Sacramento Area Attorney Indicted for Filing False Tax Returns
SACRAMENTO, Calif. — A federal grand jury returned an indictment today against Scott Norris Johnson, 57, of Carmichael, charging him with three counts of making and subscribing a false tax return, U.S. Attorney McGregor W. Scott and Principal Deputy Assistant Attorney General Richard E. Zuckerman of the Justice Department’s Tax Division announced.
According to the indictment, Johnson owned and operated Disabled Access Prevents Injury Inc. (DAPI), a legal services corporation. First using DAPI, and later using a law firm, Johnson filed thousands of lawsuits in the Eastern District of California and elsewhere. Johnson named himself as the plaintiff in the lawsuits and made claims under the Americans with Disabilities Act of 1990, the California Disabled Persons Act, and the California Unruh Civil Rights Act.
Under the Small Business Job Protection Act of 1996, payments related to lawsuit settlements or awards are taxable unless they were paid on account of personal physical injury or physical sickness. Johnson, however, allegedly materially underreported the taxable income he received from lawsuit settlements and awards on his income tax returns for tax years 2012, 2013, and 2014. By understating his income on his tax returns, Johnson and DAPI paid little to no income tax for tax years 2012, 2013 and 2014.
This case is the product of an investigation by the Internal Revenue Service Criminal Investigation. Assistant U.S. Attorney Katherine T. Lydon and Trial Attorney Tim Russo of the Tax Division are prosecuting the case.

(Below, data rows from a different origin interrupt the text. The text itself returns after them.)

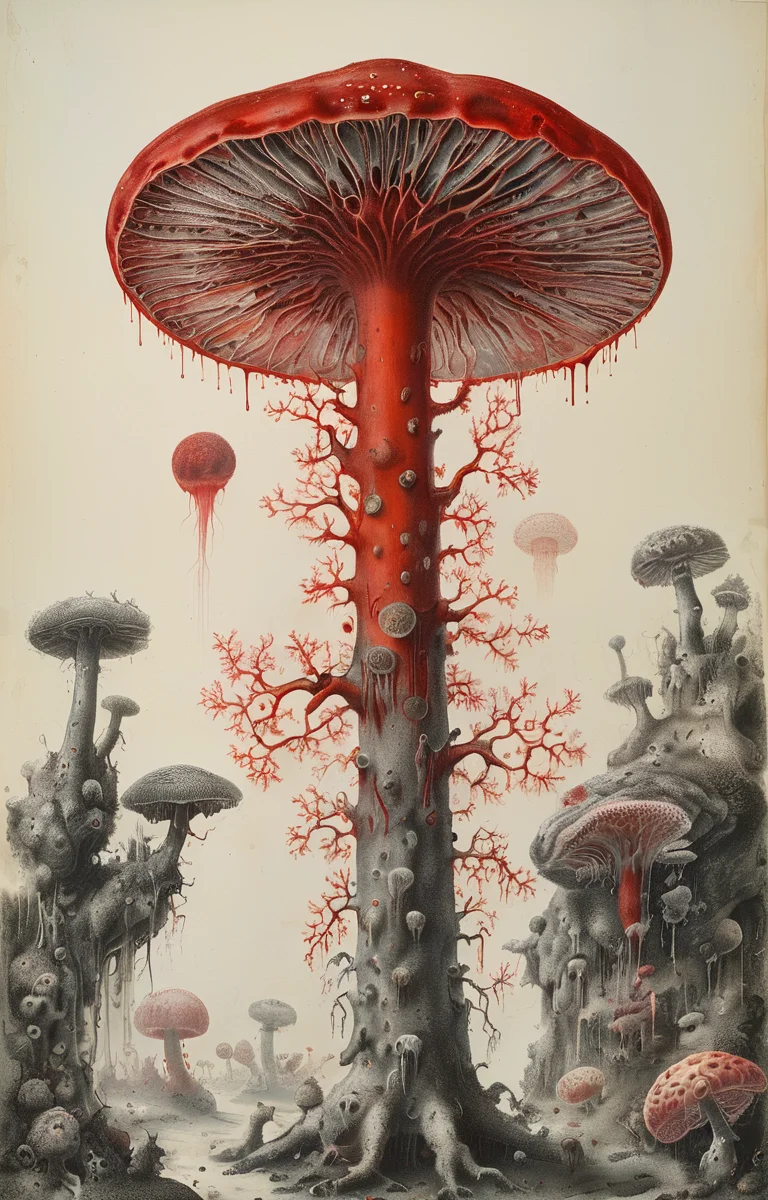 masterpiece,best quality,<lora:tbh248-sdxl:0.7>,illustration,style of Micrographia,spore,blood vessel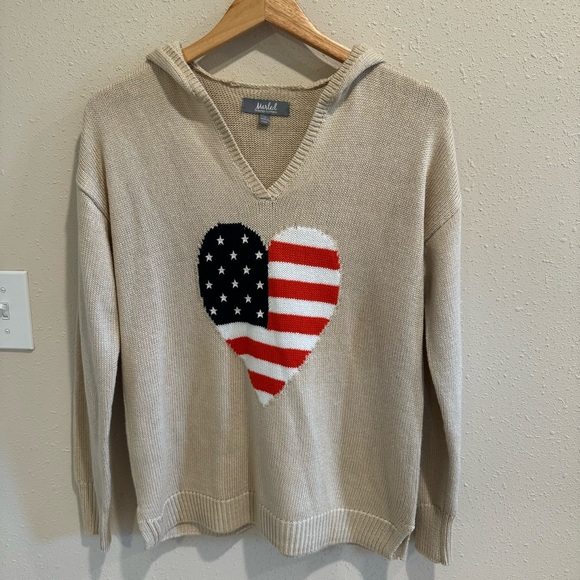 Marled Patriotic Flag Heart Beach Sweater - Picture 1 of 7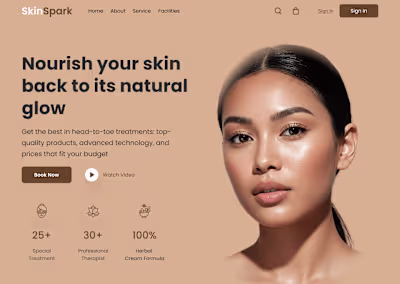 Skin Spark - Hero Design for Skin Care Website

If convicted, Johnson faces a maximum statutory penalty of three years in prison and a $250,000 fine for each count. Any sentence, however, would be determined at the discretion of the court after consideration of any applicable statutory factors and the Federal Sentencing Guidelines, which take into account a number of variables. The charges are only allegations; the defendant is presumed innocent until and unless proven guilty beyond a reasonable doubt.